We stayed there longer than any other church we’d been at so far, but slowly I began a spiritual decline. The teaching lacked depth; the services were shallow. I started getting antsy. I felt like I was dying a slow painful spiritual death.
Craig didn’t feel this as much because his role at Glen Eyrie placed him under good teaching often through the conferences he was planning. And whereas he gets fed by feeding others, I just get drained by it.
We discussed our situation many times with one particular couple. They were on Campus Crusade staff and had Mizzou roots along with Craig, so there were several levels of commonality on which to hinge a friendship. The counsel I, in particular, received, though, was to stay in the community we’d developed there, but to seek better teaching from radio or internet preachers. This suggestion didn’t sit well with me. I have nothing against sermons on the internet, but I don’t particularly think they should be one’s dominant source of worship through the word.
I started crying a lot when thinking about going back. Craig began realizing my decline was serious. We discussed the options in-depth for several weeks and came to this conclusion: we couldn’t go there if I were to have any hope of spiritual sustainability. About two and a half years after we joined this church (and yes, we had joined this one), all we could think about (okay, all *I* could think about) was the teaching we’d left behind at Village 7. We decided it was time to go back.
We had a small problem, though. We committed ourselves to teaching the toddlers class as a couple throughout the whole summer, and we didn’t want to go back on our commitment. That month of August was one of the longest Augusts we’ve lived through (longer even than the one in which daughter #2 was born on the 28th!).

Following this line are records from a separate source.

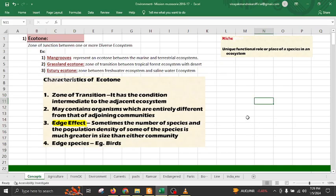Welcome back to another important lecture on environment concepts. Let us start.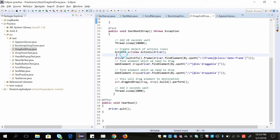First of all we need the Actions class. The Actions class has the APIs for dragging and dropping. We have already seen different actions we can do with mouse and keyboard in the Actions class in our previous videos — you can refer to them as well. Now we are switching into a frame because the elements are inside a frame.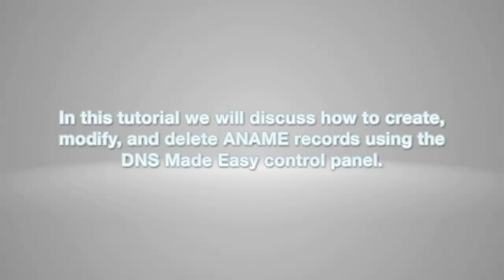In this tutorial we will discuss how to create, modify and delete ANAME records using the DNS Made Easy control panel.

We started going to the E-Free church in the mornings to teach the toddler class and then speeding across town back to V7 for the worship service.
When September rolled around, we knew this would be the last time we played with the churches of Colorado Springs. We sat through the membership class and took the membership vows that very month. It was one of the most relieving months of our whole church existence. We were in the process of wrestling through the infant baptism thing; I was wrestling with all five points of Calvinism. But it was where we were supposed to be and we knew it. It was good.
Then the very next month Craig took me out for coffee. While sipping my hot chocolate at Starbuck’s that morning he spilled the words I never in a million years expected to hear. He said he’d been thinking about starting seminary. In St. Louis. Next fall, but moving in the spring. What did I think?
What did I think? It was a question I would not fully be able to understand the answer to for another four years, but the part of me that seeks out and thrives on change was completely for it. Yes! Let’s do this! Let’s start something totally new! In St. Louis!
And then I remembered: we just joined the church of our dreams. What about that?
Well, St. Louis is Presbyterianland, after all. Surely we’ll find another one once we got there.